ECLI:NL:HR:2010:BL6761
Hoge Raad
- Cassatie
- F.H. Koster
- J.P. Balkema
- J.W. Ilsink
- H.A.G. Splinter-van Kan
- W.F. Groos
- Rechtspraak.nl
Cumulatieve kwalificatie en vernietiging van de bestreden uitspraak in een strafzaak
In deze zaak heeft de Hoge Raad op 6 juli 2010 uitspraak gedaan in een cassatieprocedure tegen een arrest van het Gerechtshof te 's-Hertogenbosch. De verdachte, geboren in 1985 en ten tijde van de aanzegging gedetineerd in de Penitentiaire Inrichting 'Vught', had beroep ingesteld tegen een eerdere uitspraak van het Hof.

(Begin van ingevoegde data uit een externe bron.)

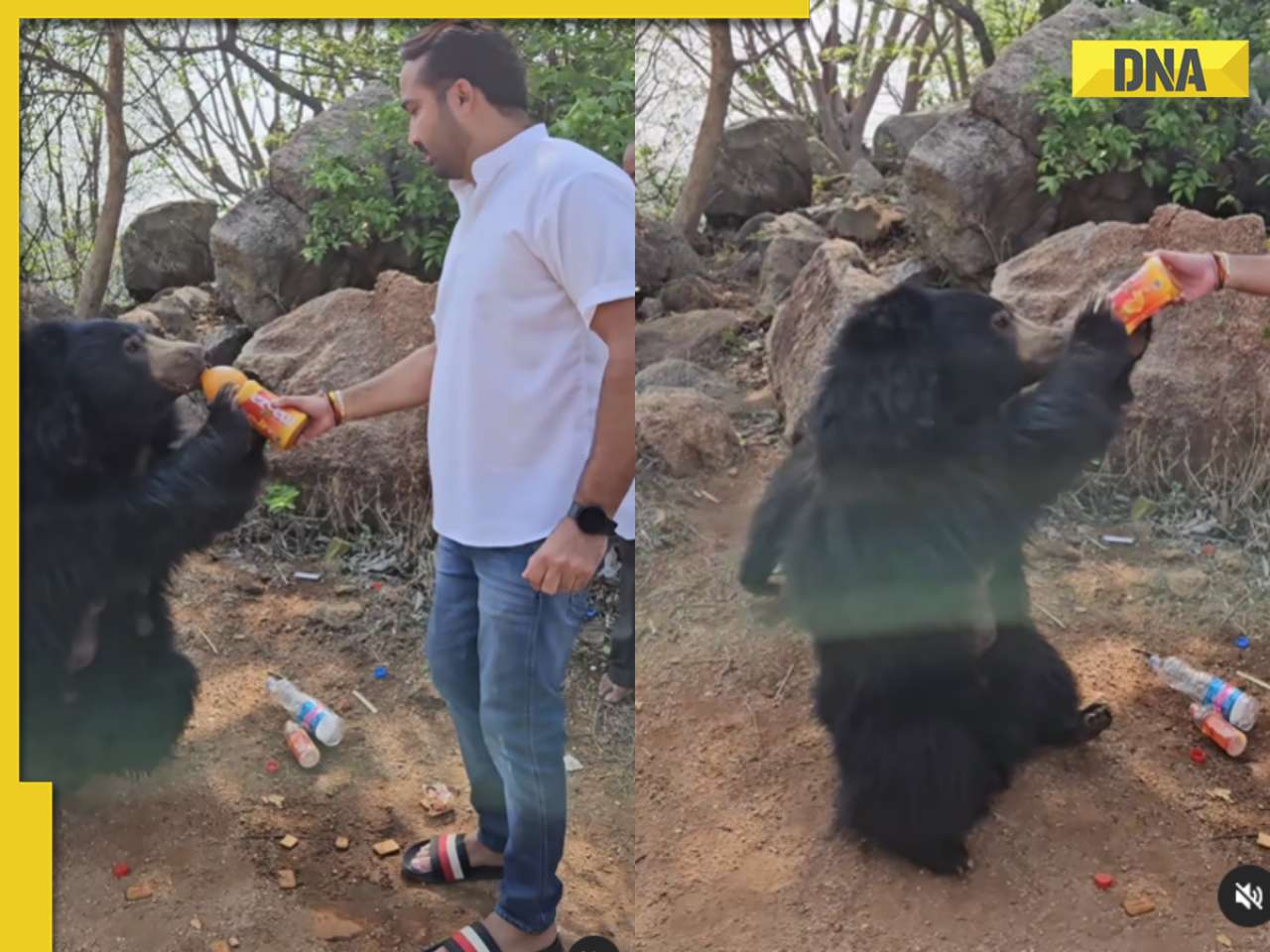Man feeds cold drink to sloth bear, viral video makes internet angry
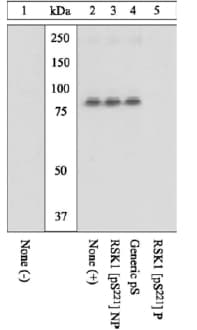 Rsk1 P90 Phospho S221 Antibody Ab10695  Western Blot Img25042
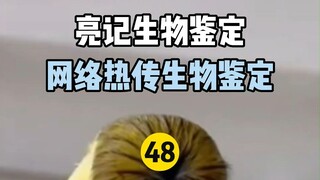 【Liangji Bioassay】Internet Hot Biological Identification 48
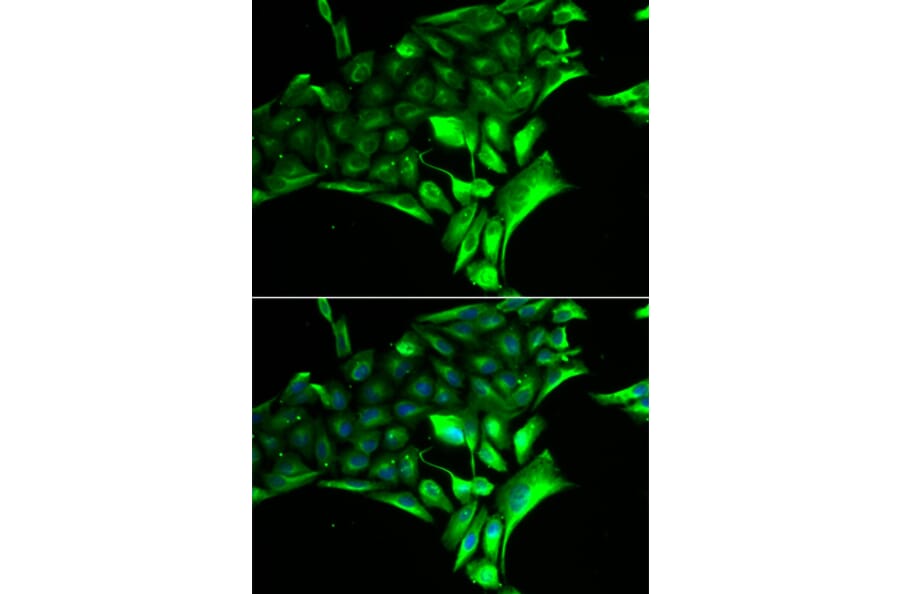 Immunofluorescence - PYGB antibody from Signalway Antibody (38881) - Antibodies.com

De advocaat van de verdachte, mr. J. Goudswaard, had middelen van cassatie voorgesteld. De Advocaat-Generaal Vegter concludeerde tot vernietiging van de bestreden uitspraak, maar alleen voor wat betreft de kwalificatie van de feiten en de duur van de opgelegde gevangenisstraf.
De Hoge Raad oordeelde dat er sprake was van een kennelijke misslag in de bewezenverklaring, waarbij de woorden 'en/of' in de kwalificatie van de feiten niet correct waren. De Hoge Raad verbeterde de kwalificatie naar 'medeplegen van poging tot afpersing of diefstal, voorafgegaan van geweld en bedreiging met geweld tegen personen, gepleegd met het oogmerk de diefstal voor te bereiden'. Daarnaast werd de opgelegde gevangenisstraf verminderd van vijf jaren naar vier jaren en negen maanden, omdat de redelijke termijn in de cassatiefase was overschreden.
De Hoge Raad concludeerde dat de middelen van de verdachte niet tot cassatie konden leiden, behalve voor de kwalificatie en de strafmaat. De uitspraak van de Hoge Raad is van belang voor de rechtsontwikkeling, vooral met betrekking tot de cumulatieve kwalificatie van strafbare feiten en de toepassing van artikel 55 Sr. De beslissing van de Hoge Raad is uitgesproken door de vice-president en vier raadsheren, in aanwezigheid van de griffier.